Torino (Caterina Moser) – Santiago, Italia chiude la rassegna cinematografica nel capoluogo piemontese.
Uno dei film più attesi del Festival, per la popolarità in Italia del cinema di Nanni Moretti – già Direttore del TFF – ma anche per il suo apprezzamento anche all’estero.
Il documentario, infatti, è ambientato fuori dai nostri confini nazionali, anche se l’Italia ha un ruolo importante in questo film.
Moretti ricostruisce la storia del Cile nei mesi successivi al colpo di stato dell’11 settembre 1973, quando il generale Pinochet pone fine al governo democratico di Salvadore Allende.
A parlare sono giornalisti, registi, artigiani, operai, ma anche militari, fautori del colpo di stato, che hanno vissuto direttamente tutti quei momenti.

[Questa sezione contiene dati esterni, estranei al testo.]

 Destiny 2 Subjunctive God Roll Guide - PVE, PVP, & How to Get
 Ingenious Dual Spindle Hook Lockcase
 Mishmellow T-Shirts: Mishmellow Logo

I testimoni, e le immagini di repertorio, raccontano un paese spaccato, con una fortissima contrapposizione sociale. Momenti di sbalordimento iniziale, seguiti dalla paura.
E che cosa c’entra l’Italia? L’ambasciata italiana ha svolto un ruolo importante in quel periodo: è stata rifugio per centinaia di oppositori al regime, consentendo loro di scappare, per raggiungere l’Italia.

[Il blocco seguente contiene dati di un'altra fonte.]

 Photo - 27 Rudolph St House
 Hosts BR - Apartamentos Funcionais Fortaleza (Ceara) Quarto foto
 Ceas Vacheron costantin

Ci sono riferimenti, impliciti o espliciti, a ciò che sta accedendo ai giorni nostri: l’attualità di chi è costretto a scappare e raggiungere, oggi, il nostro Paese.

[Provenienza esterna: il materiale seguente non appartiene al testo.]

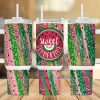 Summertime Watermelon 40 oz 2 piece Tumbler Wrap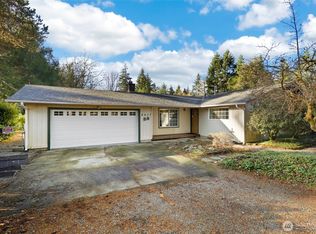 8537 Rhondo Ct SW, Olympia, WA 98512
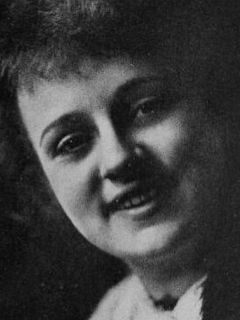 Веда Бертрам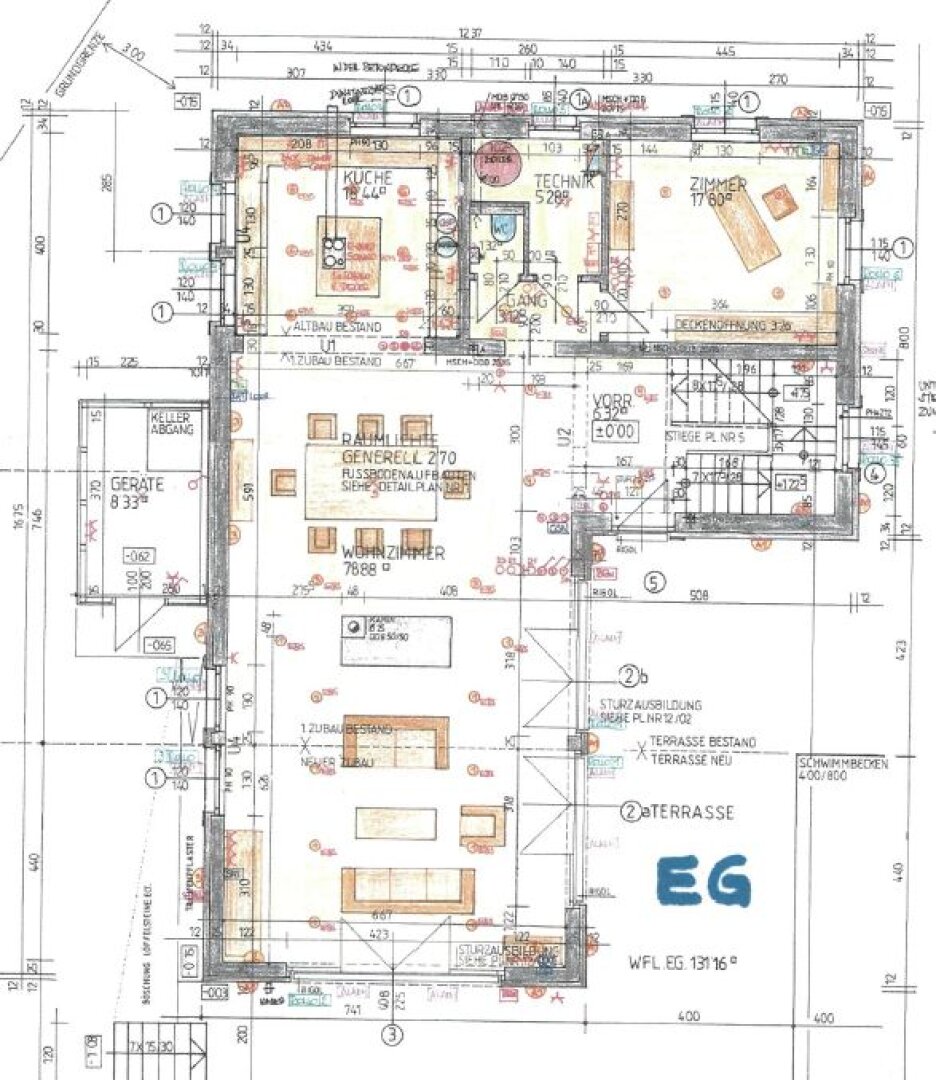 Grundriss 1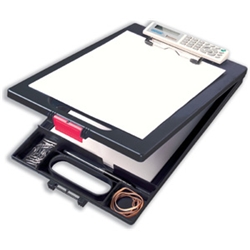 Stewart Superior Clipcase Clipboard with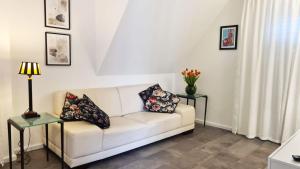 Weinstock - klimatisierte Ferienwohnung mit Sonnenterrasse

L’occhio (e la voce) di Nanni Moretti è presentissimo. Coordina e ordina le interviste tra loro, incalzando spesso i racconti dei protagonisti.
Compare davanti alla camera, soltanto per precisare “Io non sono imparziale“, parlando con uno dei militari. Un po’ come a ricordare che il suo è un progetto pensato e definito, sa che cosa vuole raccontare.
Verso la fine, i racconti delle esperienze di chi arrivato in Italia dal Cile 40 anni fa, si è integrato e non se ne è più andato.
“Siamo ricchi perché abbiamo due identità nazionali”, ricorda Victoria Sàez.